Dalam buku tersebut Yuval menerangkan titik awal kecanggihan manusia dimulai antara 70.000 sampai 30.000 tahun lalu dengan apa yang olehnya disebut revolusi kognitif.

Revolusi kognitif yang muncul pada manusia menjadikanya memiliki cara berpikir dan berkomunikasi baru. Teori yang paling banyak dipercaya mengemukakan bahwa revolusi kognitif ini terjadi karena mutasi genetik tanpa sengaja mengubah penyambungan sel-sel otak manusia.

Apa akibatnya?
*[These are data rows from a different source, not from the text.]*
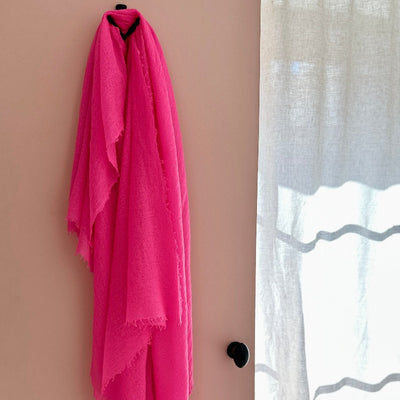 marmee neon pink scarf on door 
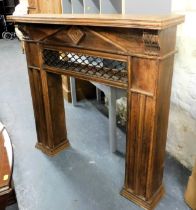 A fireplace surround, with carved leaf finials and metal cross section, on two plinth columns, 125cm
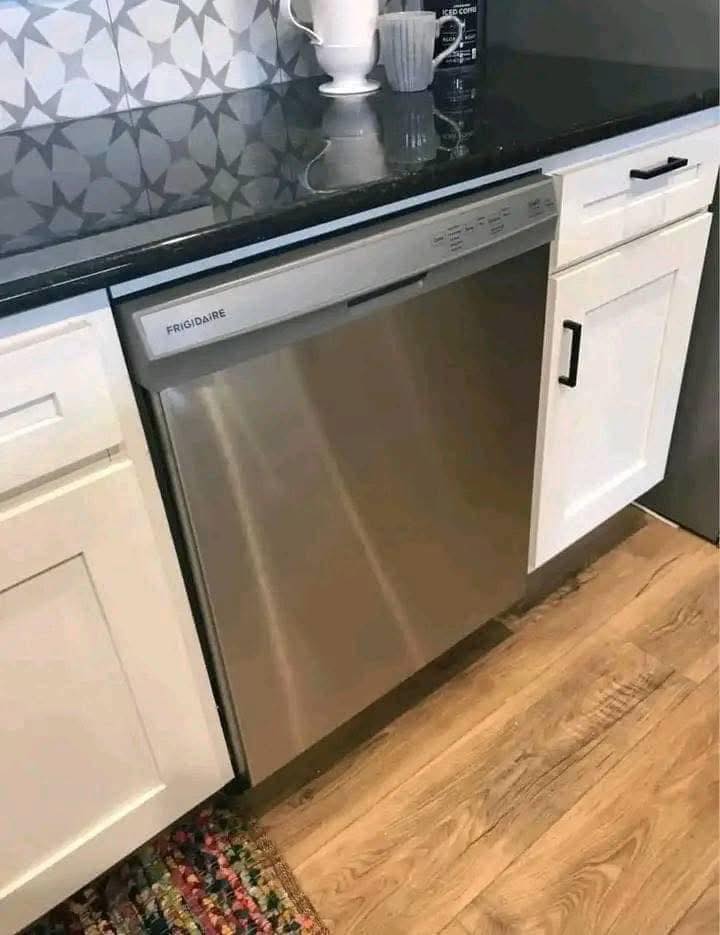 Modern kitchen with a stainless steel dishwasher, black countertop, geometric tiled backsplash, and white cabinets on a wooden floor, creating a sleek, clean look.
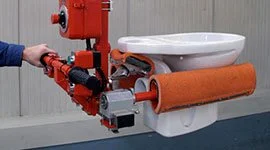 Dalmec manipulator with custom gripping tool handling a ceramic toilet and sanitary ware in a building products manufacturing facility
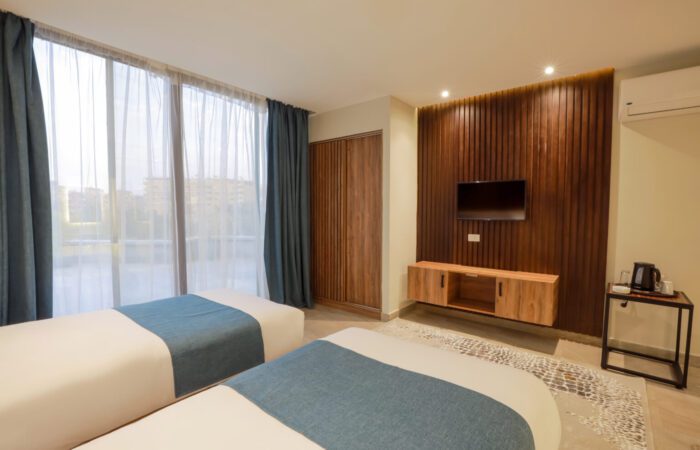 Modern hotel room with two twin beds, large window, and wall-mounted TV on a wood-paneled accent wall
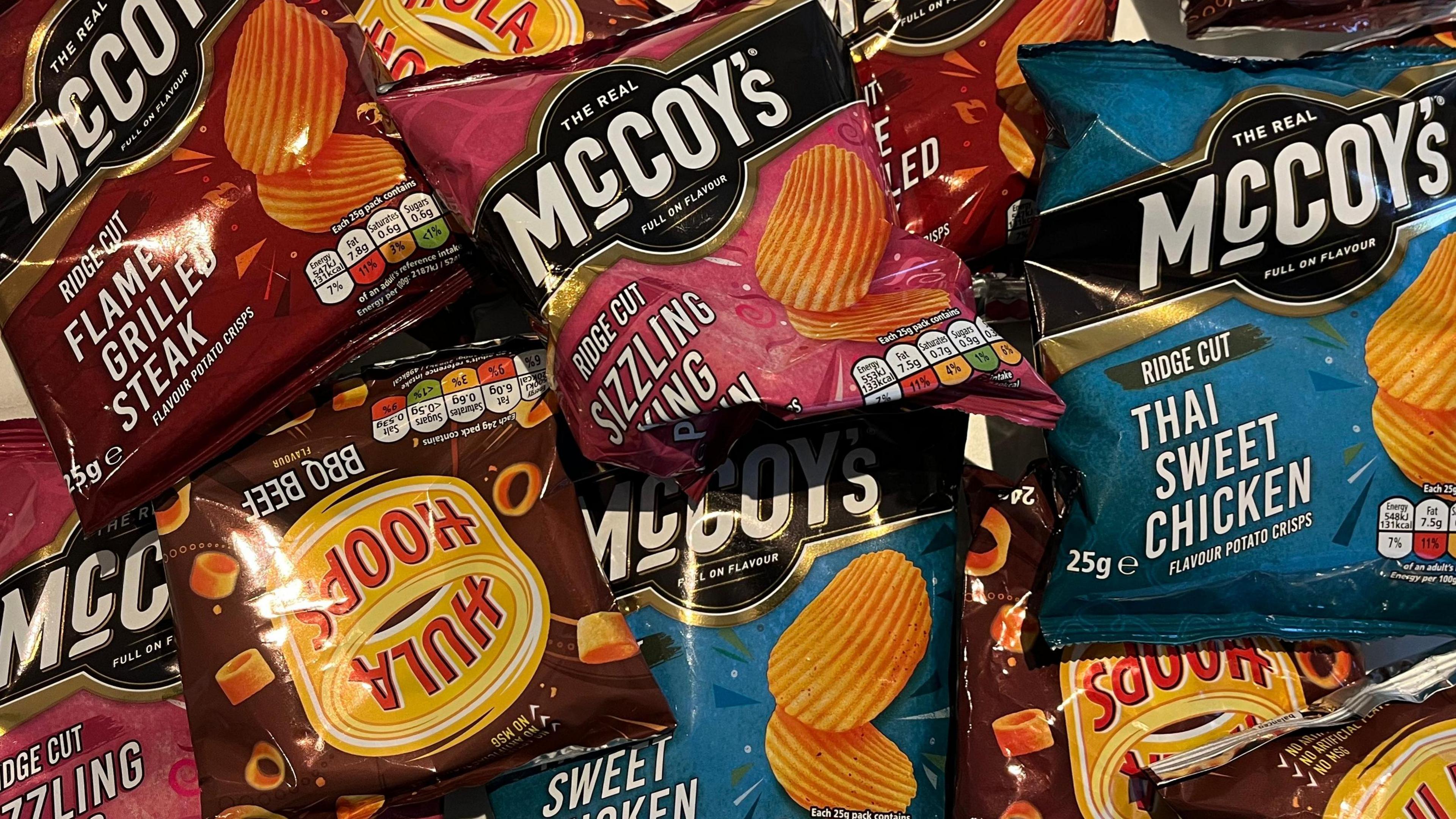 Packets of McCoy's and Hula Hoops crisps sit on a table.
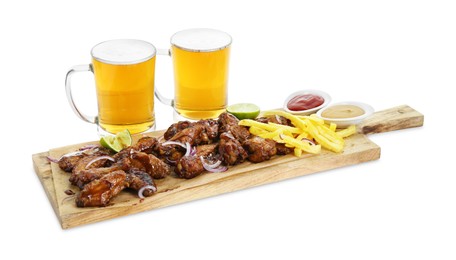 Photo of Wooden board with tasty roasted chicken wings, french fries, mugs of beer and sauces isolated on white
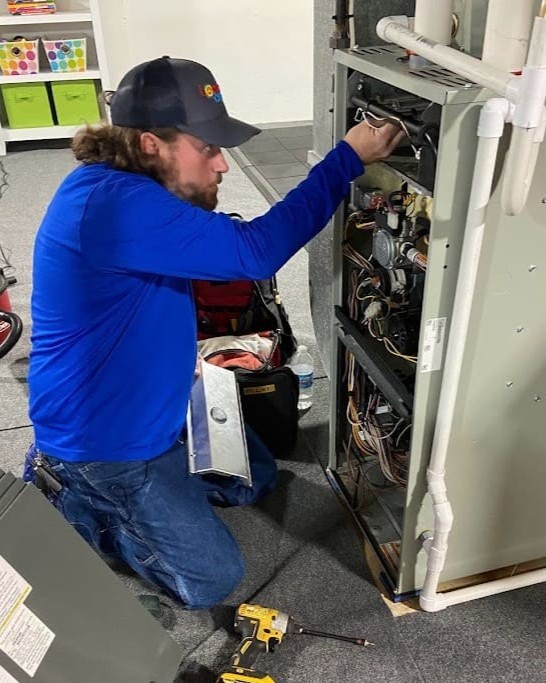 Furnace repair - Logan Services HVAC technician.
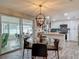 Dining area next to the kitchen featuring a round table and sliding door to the patio at 805 E 15Th Ave, New Smyrna Beach, FL 32169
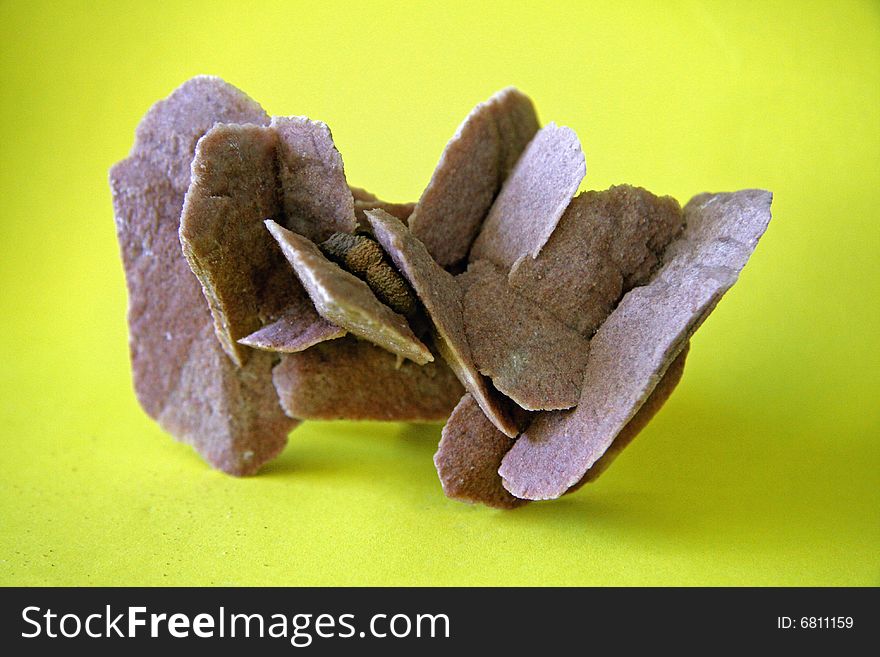 Mineral sample of gypsum, variety Desert Rose found in South Australia, with yellow background. Mineral sample of gypsum, variety Desert Rose found in South Australia, with yellow background.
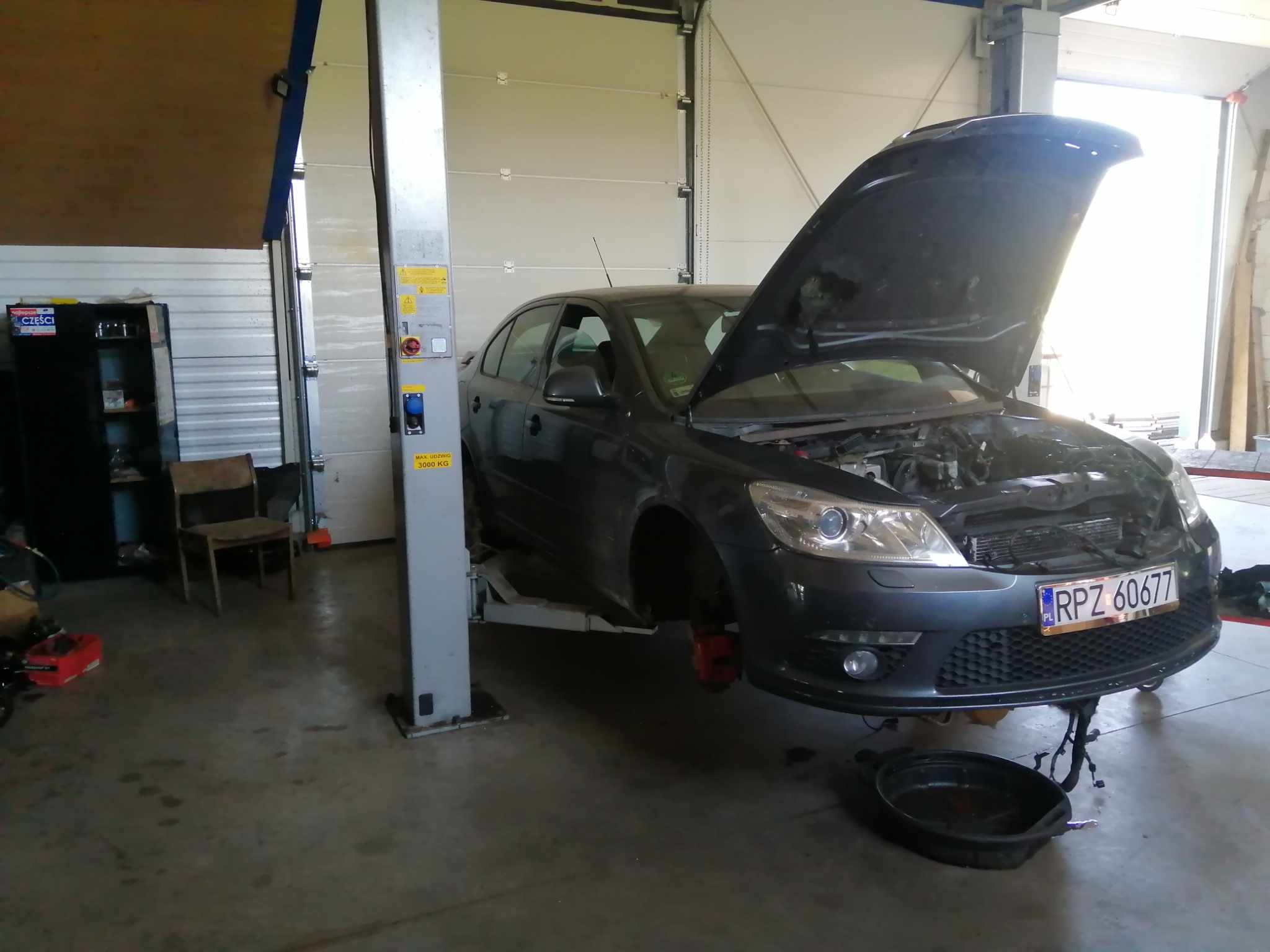 Szary samochód osobowy na podnośniku warsztatowym z otwartą maską, widoczny silnik, brak jednego koła, pod spodem miska ociekowa.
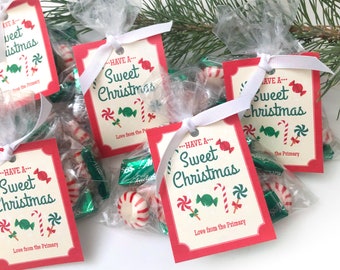 Könnte beinhalten: Rote und weiße Geschenktüten mit durchsichtigen Cellophanfenstern, gefüllt mit Süßigkeiten. Jede Tüte hat ein weißes Band und ein rotes und weißes Etikett mit der Aufschrift "Have a Sweet Christmas" mit einem Zuckerstangen- und Lutscherdesign. Das Etikett trägt außerdem die Aufschrift "Love from the Primary".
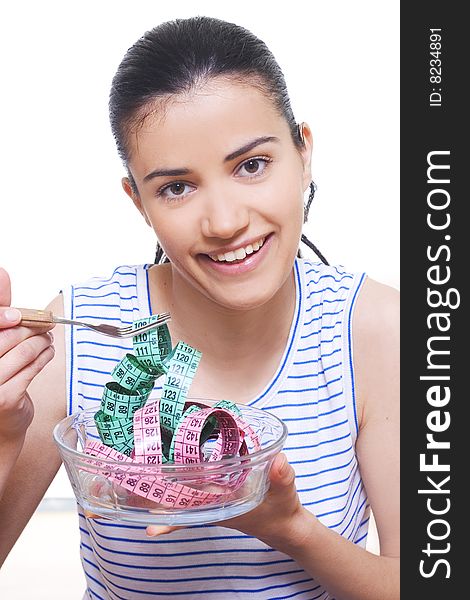 Portrait of a young woman eating measuring tape with a fork. Portrait of a young woman eating measuring tape with a fork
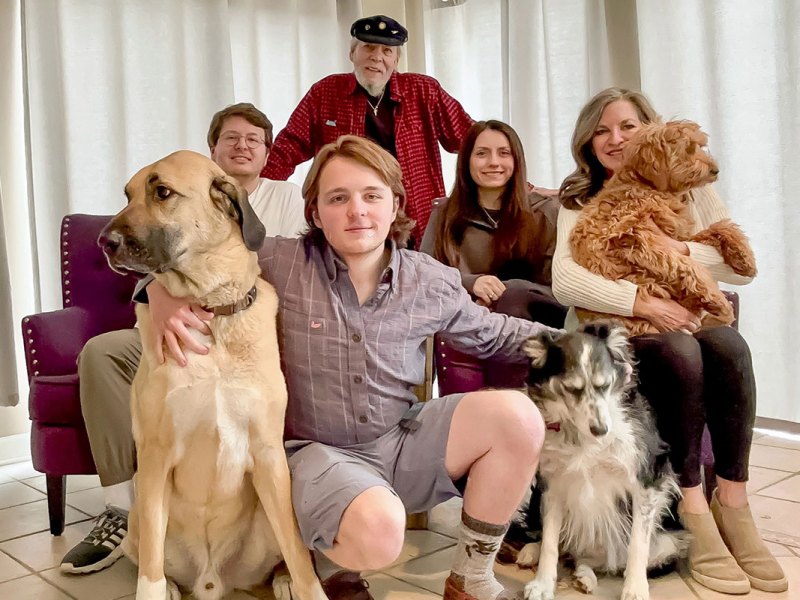 A family of three men and two women sit on a large purple couch while holding three dogs between them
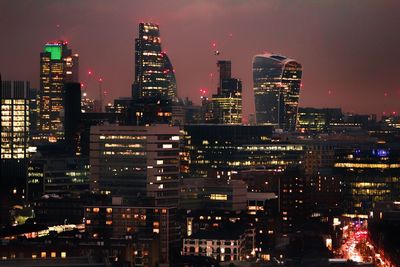 Illuminated cityscape against sky at night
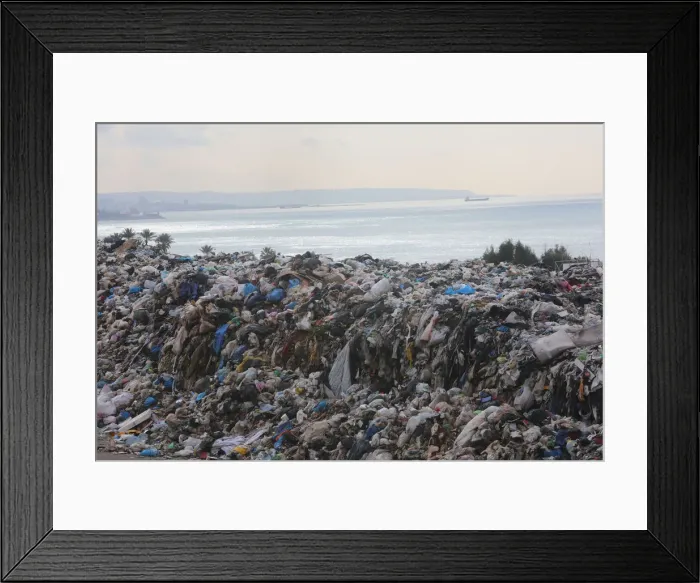 Framed Print : Piled up garbage is seen in Jiyeh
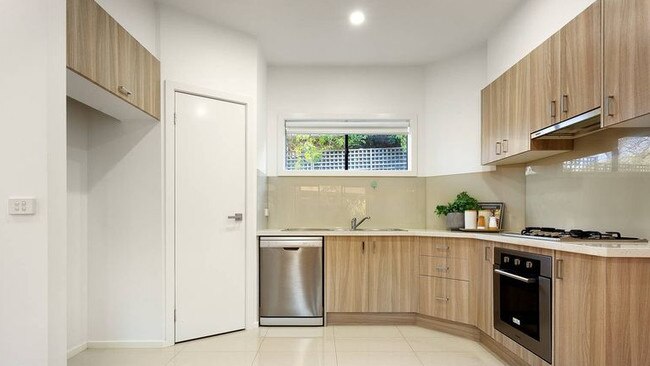 The kitchen has a gas cook top, soft-close cupboards and a dishwasher.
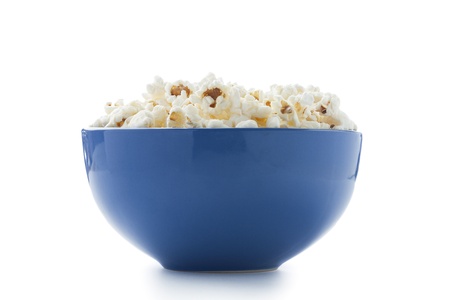 Blue bowl filled with popcorn isolated in a white backgroundの写真素材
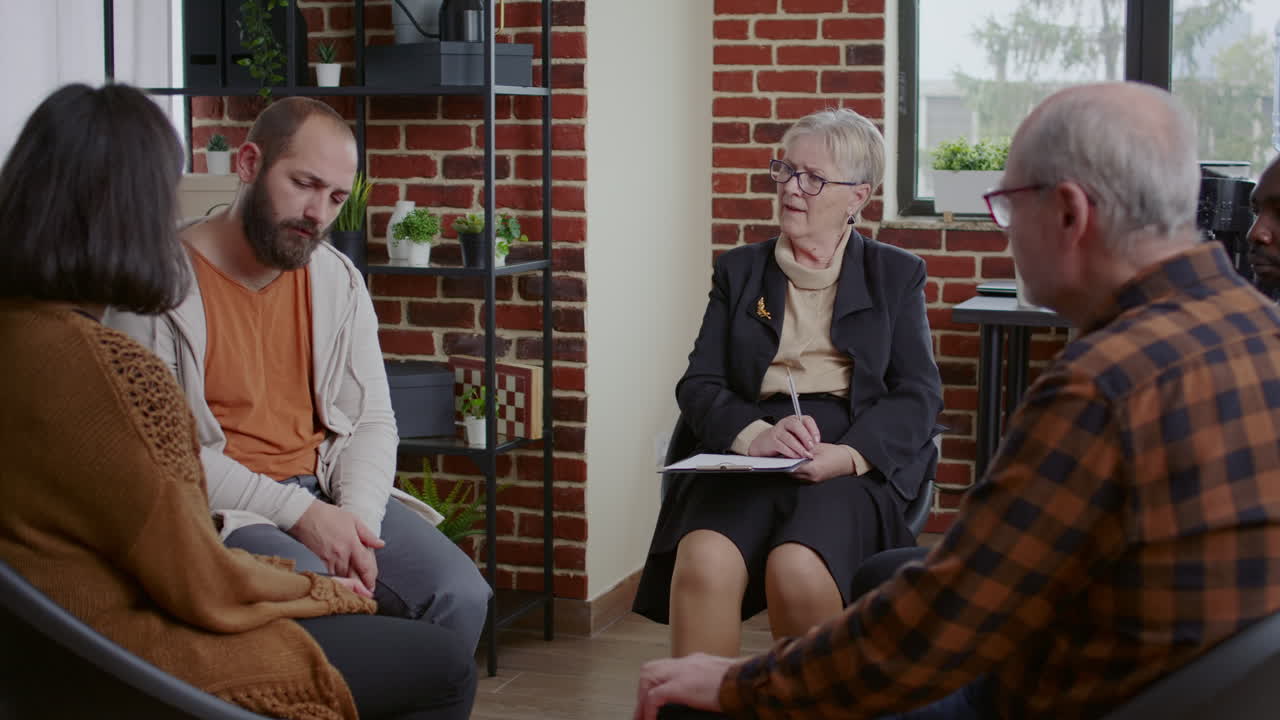 Man with depression making confession at aa therapy meeting with alcoholics people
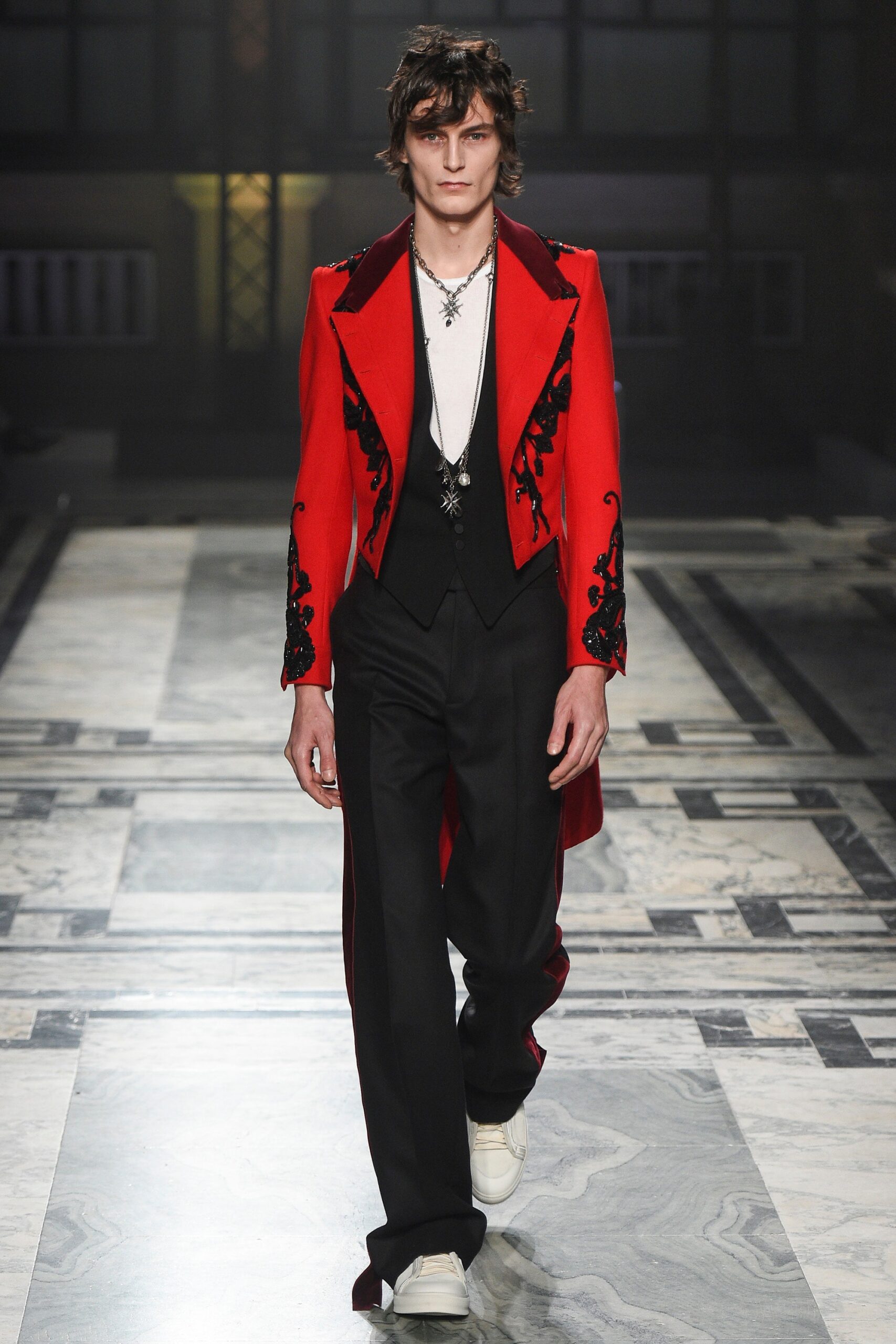 red embroidered coat with black vest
Manusia akhirnya jadi satu-satunya makhluk hidup di dunia yang memiliki komunikasi paling unik dan rumit.

Diketahui, setiap binatang memiliki pola komunikasi tersendiri. Simpanse, misalnya, ia mungkin bisa mengingatkan seekor kawannya, “Awas di sana ada singa!”, atau “Lihat! Di seberang sungai ada pohon pisang.” Namun manusia bisa sama sekali berbeda, atau bahkan lebih dari itu.

Manusia bisa saja mengatakan, “Itu pohon pisang keramat. Jangan ambil pisang di sana” atau “Di hutan seberang sungai itu, ada arwah singa yang menjaga.” Makhluk hidup lain di dunia tak ada yang memiliki kemampuan seperti itu.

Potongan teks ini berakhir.